Showing posts with label Demolished. Show all posts
Showing posts with label Demolished. Show all posts
10830 Jasper Avenue
Model and Building information
Model and Building Information
It was however, a building doomed by its material choices. The drab concrete lattice over the drab brown brick is tough to defend, and the building probably looked tired and dirty on the day that it opened. Maybe if the brick had been red or if the lattice was a shiny aluminum then there would have been more affection for the building, or at least it might have been less disliked. The new version and all of its crazy shapes upholds the quirkiness of the original, but I do wish that they'd somehow managed to integrate the lattice into the new design.
This will mark the fifth shiny blue office building prominently visible from Jasper Avenue (sixth if you count all the way down to 124st). With it's odd shape there is no real risk that it will be confused with any of the others, but some diversity wouldn't hurt. Downtown Edmonton is already a sea of brutalist concrete, and I'm not sure that striking back with a wave of reflective blue monoliths is the way to go. Would another Bell or Canadian Western Bank have been too much to ask?
One nice change is that the windows are a slightly different blue than the spandrel panels below them. This combined with the exaggerated horizontal mullions and the hidden vertical mullions gives it a banded appearance, rather than the uniformity of Manulife or the new Devonian. I think they could have gone a bit further with it though, either darkening the spandrels or making the windows more transparent (humbug to energy efficiency). The banding is prominent but it doesn't quite pop, and on a cloudy day you might not even notice it.
The building is also subject to the same height restrictions that have led to downtown Edmonton's many cubic "high-rises" which are as tall as they are wide. 10830 is actually quite a bit wider than it is tall, but the manic massing tries to hide that.
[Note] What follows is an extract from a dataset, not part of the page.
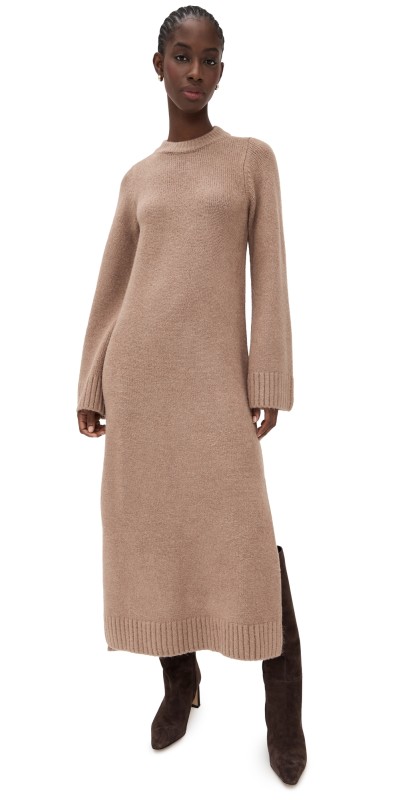 Show Me Your Mumu Lorraine Maxi Sweater Dress Maple Brown Knit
That seems to be the approach Procura will be taking with all of its developments in the area, which should feel more interesting than the duplo-blocks-as-urban-design approach of the government area a few blocks to the south.
It also goes without saying that the new retail spaces will be such a welcome addition to Jasper, in an area that has been a black hole for a decade? More?
Tegler Building (1911-1982)
Model and Building information
My 150th model, and to mark that occasion we have the Tegler Building. This completes my personal trinity of Edmonton's lost buildings, along with the Library and the Courthouse.
I think that for many Edmontonians the Tegler also serves somewhat as the one-that-got-away - given historical designation only to have it taken away again; and imploded only to be replaced by a bland and rather lame piece of post-modernism. Looking at it today makes me realize what the intersection of 101 Street and 102 Avenue once have must been, particularly at street level. How different would 101 Street or Rice Howard Way feel if they were still lined with those storefronts today?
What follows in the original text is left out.